DivKid's Month Of Modular Issue #14 November 2016 | Page 15

INTERVIEW

Hey Justin, thanks for answering questions and chatting to us. To start with can you tell us what your background is? Be that music related, engineering etc.

My background is pretty mixed. I was born in London but I ‘grew up’ (still growing up really…) in Sydney - London has been home again for nearly 20 years now but my accent often sounds like I just arrived. I got into music seriously through late 80’s Punk and

Hardcore but by the 90’s I was making and playing Techno, House and Breaks. Over the years I’ve played in bands as a guitarist, DJ’d, produced, remixed and run record labels. My engineering and electronic design background is mainly self-taught - I started repairing bits of my own music hardware and studio gear to keep it running and at some point, I started thinking about building something for myself.

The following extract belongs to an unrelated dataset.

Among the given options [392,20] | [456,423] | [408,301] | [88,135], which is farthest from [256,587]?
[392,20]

How did Abstract Data come about? You were making desktop units before modules if I

remember correctly.

Yes, I started building one-off, self-contained, desktop designs around 2008. Basically, small sequenced, mono synths with some basic CV control over stuff like PWM. It’s interesting for me to see the current crop of smaller sequenced synth designs that companies like Korg and Roland are doing now - I do wonder if I would have started on this path if those designs had existed back then.

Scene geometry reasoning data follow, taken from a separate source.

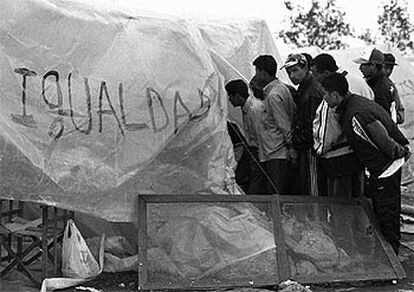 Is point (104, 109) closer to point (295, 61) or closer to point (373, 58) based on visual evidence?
point (295, 61)

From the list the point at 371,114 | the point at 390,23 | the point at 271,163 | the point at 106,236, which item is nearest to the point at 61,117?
the point at 106,236

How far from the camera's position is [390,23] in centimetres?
2469

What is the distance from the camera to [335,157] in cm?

My first ‘commercial’ builds were the Hex Series - a set of three, complimentary synth/effects boxes that covered signal generation, filtering/morphing and modulation.

I started doing my own designs for two main reasons. I was doing a lot of music and audio writing and production for television and advertising companies. This work was all ‘in the box’ - everything was done in a DAW and while I really enjoyed and appreciated the power and flexibility that gave me - especially for all the last minute or short-deadline changes that work requires - increasingly, I felt more and more like I was spending my entire day just sitting at a computer and less like I was doing anything really creative. Increasingly, the computer became much less interesting to me as a creative tool. That hasn’t really changed for me since then if I’m honest.